N° P.20.0522.F
F. A.,
inculpé, détenu,
demandeur en cassation,
ayant pour conseil Maître Caroline Heymans, avocat au barreau de Bruxelles.
I. LA PROCÉDURE DEVANT LA COUR
Le pourvoi est dirigé contre un arrêt rendu le 13 mai 2020 par la cour d'appel de Bruxelles, chambre des mises en accusation.
Le demandeur invoque quatre moyens dans un mémoire annexé au présent arrêt, en copie certifiée conforme.
Le conseiller Frédéric Lugentz a fait rapport.
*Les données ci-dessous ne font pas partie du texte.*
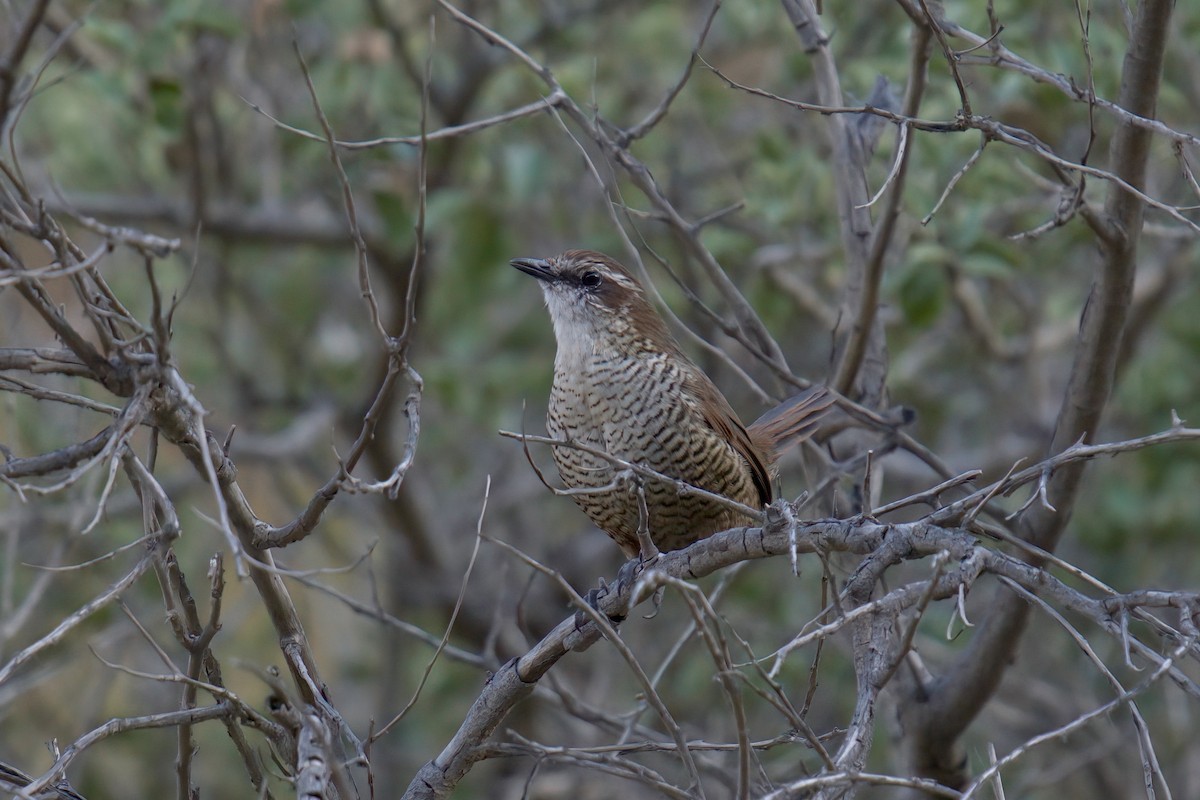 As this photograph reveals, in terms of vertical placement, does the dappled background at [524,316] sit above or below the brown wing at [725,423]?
above

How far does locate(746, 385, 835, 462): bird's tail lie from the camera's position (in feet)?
14.5

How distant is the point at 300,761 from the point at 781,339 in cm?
580

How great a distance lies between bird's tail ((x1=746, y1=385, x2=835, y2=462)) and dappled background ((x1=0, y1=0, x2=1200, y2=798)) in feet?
0.70

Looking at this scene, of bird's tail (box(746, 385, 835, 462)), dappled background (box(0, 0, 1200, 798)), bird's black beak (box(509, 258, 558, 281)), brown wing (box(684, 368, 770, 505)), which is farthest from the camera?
dappled background (box(0, 0, 1200, 798))

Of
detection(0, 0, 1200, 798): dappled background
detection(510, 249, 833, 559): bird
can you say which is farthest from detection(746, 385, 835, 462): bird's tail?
detection(0, 0, 1200, 798): dappled background

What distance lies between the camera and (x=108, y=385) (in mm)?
2262

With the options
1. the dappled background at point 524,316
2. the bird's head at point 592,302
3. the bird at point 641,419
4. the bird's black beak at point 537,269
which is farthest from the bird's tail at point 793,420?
the bird's black beak at point 537,269

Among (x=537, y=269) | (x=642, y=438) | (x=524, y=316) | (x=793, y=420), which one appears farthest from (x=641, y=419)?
(x=524, y=316)

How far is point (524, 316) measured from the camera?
7922 mm

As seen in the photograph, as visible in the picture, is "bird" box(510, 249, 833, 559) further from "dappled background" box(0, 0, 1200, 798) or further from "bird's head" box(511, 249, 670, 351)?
"dappled background" box(0, 0, 1200, 798)

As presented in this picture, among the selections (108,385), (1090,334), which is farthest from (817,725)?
(108,385)

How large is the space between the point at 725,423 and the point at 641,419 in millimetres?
333

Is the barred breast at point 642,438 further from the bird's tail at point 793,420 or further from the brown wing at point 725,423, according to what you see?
the bird's tail at point 793,420

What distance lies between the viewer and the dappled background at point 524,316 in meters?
5.59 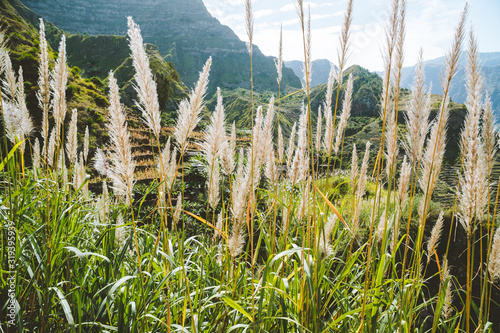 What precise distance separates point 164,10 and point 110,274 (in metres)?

L'avocat général Michel Nolet de Brauwere a conclu.
II. LA DÉCISION DE LA COUR
Sur le premier moyen :
1. Le moyen est pris de la violation des articles 21, §§ 4 à 6, 22 et 30 de la loi du 20 juillet 1990 relative à la détention préventive, ainsi que de la méconnaissance de la notion d'erreur matérielle et de la foi due aux actes.
Selon le demandeur, les juges d'appel ne pouvaient considérer que l'indication, dans le mandat d'arrêt qui a ordonné sa détention préventive, de l'identité de son frère jumeau, à la place de la sienne, procédait d'une erreur matérielle que la cour d'appel pouvait rectifier.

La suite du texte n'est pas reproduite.